One of Trump’s key campaigning platforms in the presidential election was inflation, which initially slowed after he took office but has since risen again, potentially contributing to the major opposition wins in recent local elections.
Meat industry cartels, namely the US’ “big four,” which control roughly 85% of the nation’s meat trade, contain significant foreign business interests. They are: JBS (Brazilian-owned), Cargill (US-owned but with significant foreign influence), Tyson Foods (US-owned), and National Beef.

A DOJ statement confirming the launch of an investigation states that these four conglomerates have, since the 1980s, consolidated to dominate the industry, and as a result, exploited US consumers, farmers, and ranchers.
“Mounting evidence shows this monopoly power has slashed payments to ranchers, reduced herd sizes, driven up consumer prices, and threatened America’s food supply chain,” reads the statement.
Price fixing?
Despite the DOJ’s claims, data show that cattle prices in 2025 have risen significantly, contradicting claims of persistently low valuations. For example, Oklahoma City steer prices for 500–600 lb calves averaged US$347 per hundredweight through mid-2025, representing a 21% increase from 2024 and more than double the average for 2019–2023.
US cattle inventory hit a 70-year low at 86.7 million head, contributing to record-high cattle and beef prices in 2025.Feeder cattle prices for 700–800 lb animals averaged US$281/cwt, marking a 17% year-over-year rise, while fed cattle prices in major markets reached US$215/cwt, up 16% from the previous year.
Industry groups are claiming that reduced cattle supply, driven by prolonged drought, lower calf crops, and heifer retention for breeding, has limited the number of animals available for slaughter, pushing prices higher throughout the production chain.

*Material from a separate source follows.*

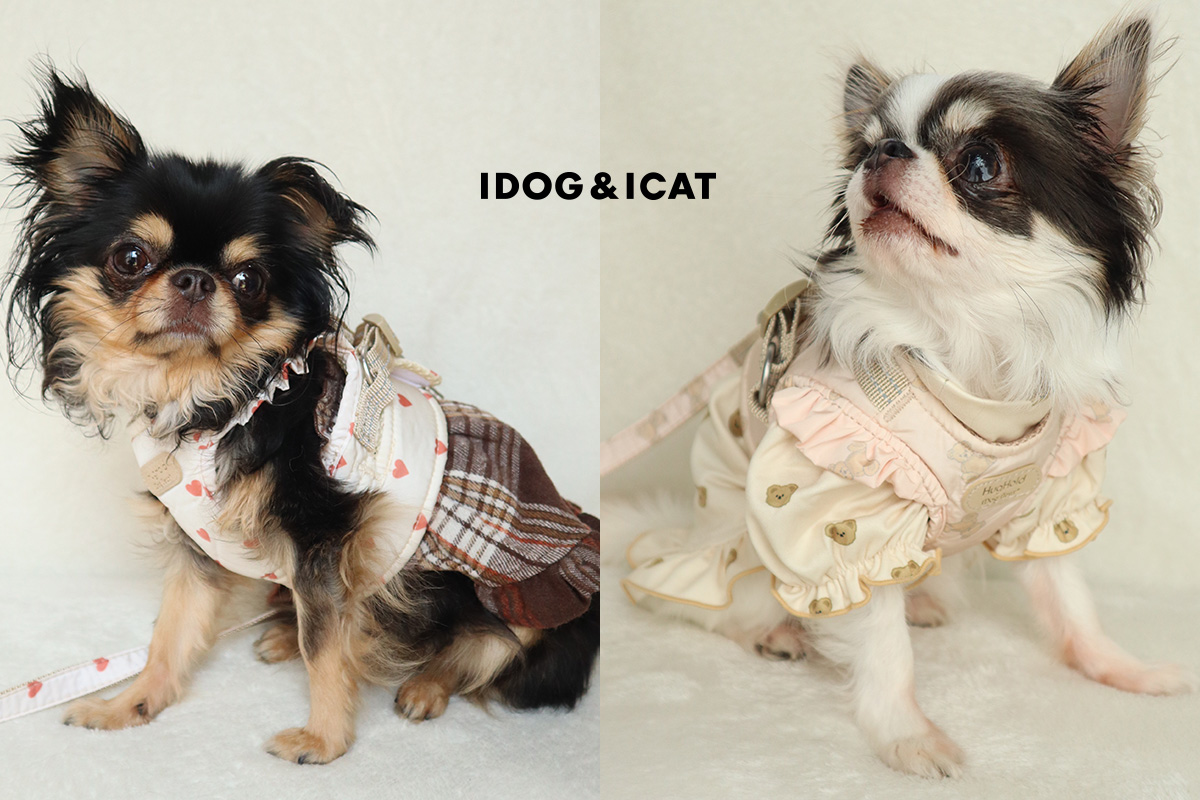 IDOG&ICATオリジナル犬用ハーネス「iDog fleur HugHold犬用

The US cattle inventory recently reached an 86.7 million head low — the smallest since 1951 — and beef cow numbers have declined to 27.9 million.
Julie Anna Potts, president and CEO of meat packing industry group, The Meat Institute, states that meatpackers are not responsible for rising beef prices, highlighting that packers have been operating at a loss despite higher consumer prices.

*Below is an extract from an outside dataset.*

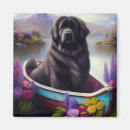 Recherche de chien terre neuve magnets Pour tous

“Despite high consumer prices for beef, beef packers have been losing money because the price of cattle is at record highs. For more than a year, beef packers have been operating at a loss due to a tight cattle supply and strong demand.”
“The beef industry is heavily regulated, and market transactions are transparent. The government’s own data from USDA confirms that the beef packing sector is experiencing catastrophic losses, and experts predict this will continue into 2026,” she says.
Meat prices climbing
Last month, Tyson Foods and Cargill agreed to pay a combined US$87.5 million to settle a federal class-action lawsuit accusing them of conspiring to fix beef prices by limiting supply and restricting competition.
Tyson agreed to pay US$55 million and Cargill US$32.5 million in the settlement. The lawsuit, originally filed in 2019, alleged that the two companies, along with other major beef processors like JBS USA and National Beef Packing, colluded to artificially inflate beef prices across the US consumer market by coordinating production cuts and sharing confidential market information.
The settlement marks the first consumer payout in this high-profile litigation involving beef price fixing.
This year, meat prices pushed the FAO Food Price Index higher, rising 1.6% from June to July, reaching 130.1. This effect was mainly due to increases in international meat and vegetable oil prices.
The FAO Meat Price Index reached a new all-time high of 127.3 points, up 1.2% from June. Price increases were led by bovine and ovine meat, driven by strong import demand from China and the US.
Poultry meat prices also rose slightly following the resumption of imports from key partners after Brazil regained its status as avian influenza-free. In contrast, pig meat prices declined due to abundant supplies and reduced demand, especially in the EU.